From: Peter Zijlstra
Date: Wed May 19 2021 - 05:28:40 EST
On Wed, May 19, 2021 at 11:24:58AM +0200, Peter Zijlstra wrote:
> On Wed, May 19, 2021 at 06:30:36AM +0000, hasegawa-hitomi@xxxxxxxxxxx wrote:
> > Hi Ingo, Peter, Juri, and Vincent.
> >
> >
> > > Your email is malformed.
> >
> > I'm sorry. I was sent in the wrong format. I correct it and resend.
> > Thank you, Peter, for pointing this out.
> >
> >
> > I found that when I run getrusage(RUSAGE_THREAD) on a tickless CPU,
> > the utime and stime I get are less than the actual time, unlike when I run
> > getrusage(RUSAGE_SELF) on a single thread.
> > This problem seems to be caused by the fact that se.sum_exec_runtime is not
> > updated just before getting the information from 'current'.
> > In the current implementation, task_cputime_adjusted() calls task_cputime() to
> > get the 'current' utime and stime, then calls cputime_adjust() to adjust the
> > sum of utime and stime to be equal to cputime.sum_exec_runtime.

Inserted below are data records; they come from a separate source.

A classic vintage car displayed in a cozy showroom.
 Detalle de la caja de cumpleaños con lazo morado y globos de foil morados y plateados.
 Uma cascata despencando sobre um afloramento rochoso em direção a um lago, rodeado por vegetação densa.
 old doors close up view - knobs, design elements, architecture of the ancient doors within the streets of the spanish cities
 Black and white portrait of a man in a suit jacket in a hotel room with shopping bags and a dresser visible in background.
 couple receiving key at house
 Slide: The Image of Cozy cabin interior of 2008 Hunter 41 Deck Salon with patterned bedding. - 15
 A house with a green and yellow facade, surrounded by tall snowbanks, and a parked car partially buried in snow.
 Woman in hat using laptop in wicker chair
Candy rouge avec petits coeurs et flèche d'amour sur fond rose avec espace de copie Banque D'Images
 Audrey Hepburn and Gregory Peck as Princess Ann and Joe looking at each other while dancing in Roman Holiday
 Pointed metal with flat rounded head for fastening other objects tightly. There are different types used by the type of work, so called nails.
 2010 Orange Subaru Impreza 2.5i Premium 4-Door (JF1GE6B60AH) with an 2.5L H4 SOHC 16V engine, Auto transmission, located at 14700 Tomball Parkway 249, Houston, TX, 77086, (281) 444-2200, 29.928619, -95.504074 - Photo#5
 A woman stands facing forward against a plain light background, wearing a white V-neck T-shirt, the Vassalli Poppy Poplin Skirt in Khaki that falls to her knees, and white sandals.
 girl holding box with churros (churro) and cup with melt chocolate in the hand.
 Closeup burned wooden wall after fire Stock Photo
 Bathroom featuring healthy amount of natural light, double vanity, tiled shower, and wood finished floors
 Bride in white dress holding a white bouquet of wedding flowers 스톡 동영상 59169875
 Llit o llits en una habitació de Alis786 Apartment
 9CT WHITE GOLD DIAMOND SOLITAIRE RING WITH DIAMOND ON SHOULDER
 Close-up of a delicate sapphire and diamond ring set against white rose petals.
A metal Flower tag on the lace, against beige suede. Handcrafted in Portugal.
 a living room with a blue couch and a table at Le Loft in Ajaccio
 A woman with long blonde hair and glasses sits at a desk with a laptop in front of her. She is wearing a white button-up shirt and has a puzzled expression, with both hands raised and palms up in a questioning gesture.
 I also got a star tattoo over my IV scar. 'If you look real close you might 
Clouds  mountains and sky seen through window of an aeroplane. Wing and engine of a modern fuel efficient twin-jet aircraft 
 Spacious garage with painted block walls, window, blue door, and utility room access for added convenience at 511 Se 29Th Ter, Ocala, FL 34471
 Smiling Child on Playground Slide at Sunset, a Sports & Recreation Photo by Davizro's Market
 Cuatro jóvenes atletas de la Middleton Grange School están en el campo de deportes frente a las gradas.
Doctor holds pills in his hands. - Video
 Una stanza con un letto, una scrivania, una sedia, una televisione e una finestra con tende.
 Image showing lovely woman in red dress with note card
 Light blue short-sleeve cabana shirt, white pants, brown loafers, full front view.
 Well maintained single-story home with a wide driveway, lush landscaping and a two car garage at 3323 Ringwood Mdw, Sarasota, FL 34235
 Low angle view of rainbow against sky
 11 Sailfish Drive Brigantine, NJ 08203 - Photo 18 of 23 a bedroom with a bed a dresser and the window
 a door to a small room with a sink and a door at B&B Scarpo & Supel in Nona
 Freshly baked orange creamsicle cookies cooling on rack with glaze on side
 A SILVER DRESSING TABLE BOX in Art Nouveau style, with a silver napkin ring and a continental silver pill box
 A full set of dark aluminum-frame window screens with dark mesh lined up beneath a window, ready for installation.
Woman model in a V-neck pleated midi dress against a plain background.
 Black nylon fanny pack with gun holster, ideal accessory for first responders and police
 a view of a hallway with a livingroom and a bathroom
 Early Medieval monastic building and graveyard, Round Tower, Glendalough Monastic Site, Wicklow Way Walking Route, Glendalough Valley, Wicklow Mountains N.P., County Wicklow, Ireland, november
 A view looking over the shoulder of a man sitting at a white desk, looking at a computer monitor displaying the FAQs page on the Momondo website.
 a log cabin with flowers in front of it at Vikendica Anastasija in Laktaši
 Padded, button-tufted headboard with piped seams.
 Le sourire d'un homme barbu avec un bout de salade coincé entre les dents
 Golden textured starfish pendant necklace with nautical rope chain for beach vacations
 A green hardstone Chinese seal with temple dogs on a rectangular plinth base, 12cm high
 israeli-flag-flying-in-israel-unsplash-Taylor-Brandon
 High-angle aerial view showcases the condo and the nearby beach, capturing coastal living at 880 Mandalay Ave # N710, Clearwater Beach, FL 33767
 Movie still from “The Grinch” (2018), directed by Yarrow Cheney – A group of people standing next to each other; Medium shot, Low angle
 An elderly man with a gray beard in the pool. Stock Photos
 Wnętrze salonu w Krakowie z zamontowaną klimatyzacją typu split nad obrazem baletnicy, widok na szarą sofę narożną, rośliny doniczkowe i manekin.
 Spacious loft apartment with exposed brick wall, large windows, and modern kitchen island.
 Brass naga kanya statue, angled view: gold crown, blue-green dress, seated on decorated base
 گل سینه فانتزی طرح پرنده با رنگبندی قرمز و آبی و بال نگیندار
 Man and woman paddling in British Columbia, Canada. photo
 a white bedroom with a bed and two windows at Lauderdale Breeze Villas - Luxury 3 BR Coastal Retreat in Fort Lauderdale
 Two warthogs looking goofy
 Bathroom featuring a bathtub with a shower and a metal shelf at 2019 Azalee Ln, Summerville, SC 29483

On a tickless
> > CPU, sum_exec_runtime is not updated periodically, so there seems to be a
> > discrepancy with the actual time.
> > Therefore, I think I should include a process to update se.sum_exec_runtime
> > just before getting the information from 'current' (as in other processes
> > except RUSAGE_THREAD). I'm thinking of the following improvement.
> >
> > @@ void getrusage(struct task_struct *p, int who, struct rusage *r)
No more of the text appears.